== EXERCISE GOAL ==
Look below for the line that contains "Used 2018 Lincoln", then copy it and each following line exactly, through and including the line that contains "Am 14. 7. 2026".

== MATERIAL TO PROCESS ==
──────

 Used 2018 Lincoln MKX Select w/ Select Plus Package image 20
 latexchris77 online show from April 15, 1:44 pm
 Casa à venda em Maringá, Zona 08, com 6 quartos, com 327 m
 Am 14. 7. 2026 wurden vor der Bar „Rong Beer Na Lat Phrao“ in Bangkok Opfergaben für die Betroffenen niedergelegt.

──────

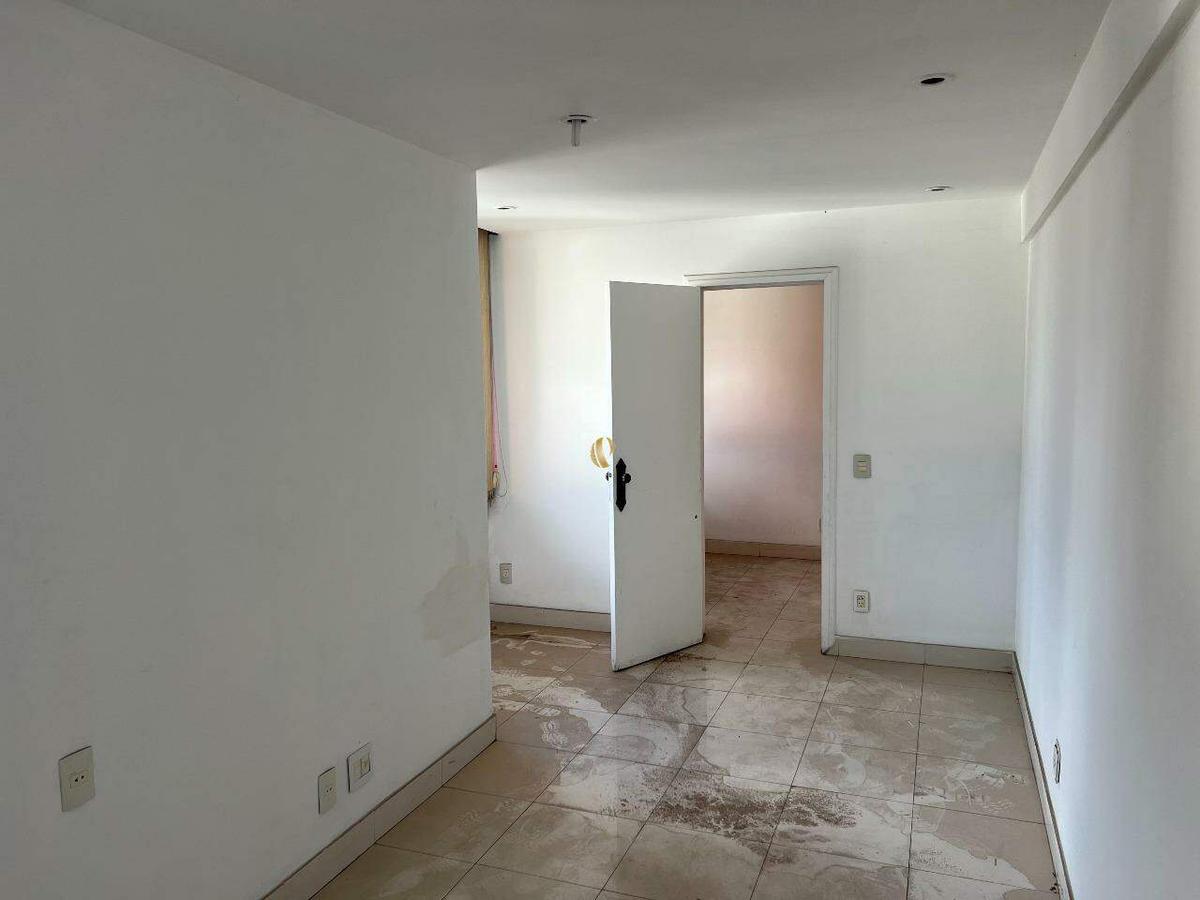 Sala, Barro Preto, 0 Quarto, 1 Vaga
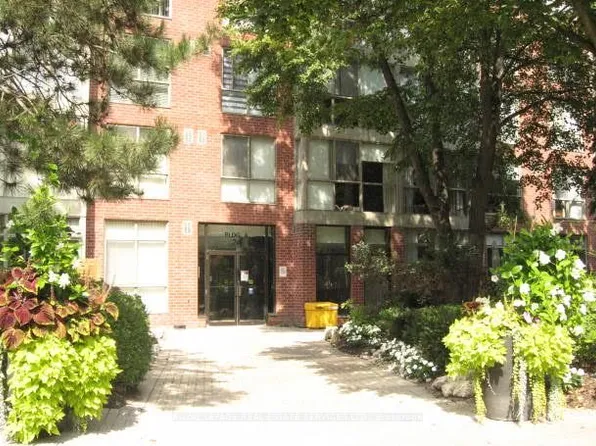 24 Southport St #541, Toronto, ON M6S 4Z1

──────

== RESPONSE FOR THIS EXERCISE ==
 Used 2018 Lincoln MKX Select w/ Select Plus Package image 20
 latexchris77 online show from April 15, 1:44 pm
 Casa à venda em Maringá, Zona 08, com 6 quartos, com 327 m
 Am 14. 7. 2026 wurden vor der Bar „Rong Beer Na Lat Phrao“ in Bangkok Opfergaben für die Betroffenen niedergelegt.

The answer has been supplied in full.